Integration of Tangent Inverse

The tangent inverse function {\tan ^{ - 1}}x it is an important integral function, but it has no direct method to find it. We shall find the integration of tangent inverse by using the integration by parts method.

The integration of tangent inverse is of the form

I = \int {{{\tan }^{ - 1}}xdx}

To solve this integration, it must have at least two functions, however it has only one function: {\tan ^{ - 1}}x.
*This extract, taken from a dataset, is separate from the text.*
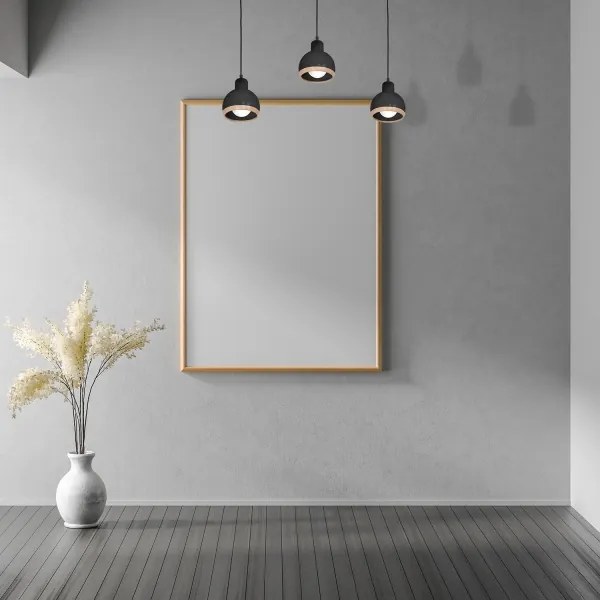 Lampadario su filo OVAL 3xE27/60W/230V nero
So, consider the second function as 1. Now the integration becomes

I = \int {{{\tan }^{ - 1}}x \cdot 1dx} \,\,\,\,{\text{ - - - }}\left( {\text{i}} \right)

The first function is {\tan ^{ - 1}}x and the second function is 1.

Using the formula for integration by parts, we have

\int {\left[ {f\left( x \right)g\left( x \right)} \right]dx = f\left( x \right)\int {g\left( x \right)dx - \int {\left[ {\frac{d}{{dx}}f\left( x \right)\int {g\left( x \right)dx} } \right]dx} } }

Using the formula above equation (i) becomes

\begin{gathered} I = {\tan ^{ - 1}}x\int {1dx - \int {\left[ {\frac{d}{{dx}}{{\tan }^{ - 1}}x\int {1dx} } \right]dx} } \\ \Rightarrow I = x{\tan ^{ - 1}}x - \int {\left[ {\frac{1}{{1 + {x^2}}}x} \right]dx} \\ \Rightarrow I = x{\tan ^{ - 1}}x - \int {\frac{x}{{1 + {x^2}}}dx} \\ \end{gathered}

Multiplying and dividing by 2, we have

I = x{\tan ^{ - 1}}x - \frac{1}{2}\int {\frac{{2x}}{{1 + {x^2}}}dx}

Using formula

\int {\frac{{f'\left( x \right)}}{{f\left( x \right)}}dx = \ln f\left( x \right)} + c

we have

\begin{gathered} I = x{\tan ^{ - 1}}x - \frac{1}{2}\ln \left( {1 + {x^2}} \right) + c \\ \Rightarrow \int {{{\tan }^{ - 1}}xdx} = x{\tan ^{ - 1}}x - \frac{1}{2}\ln \left( {1 + {x^2}} \right) + c \\ \end{gathered}

Now we can also use this integration of tangent inverse as a formula.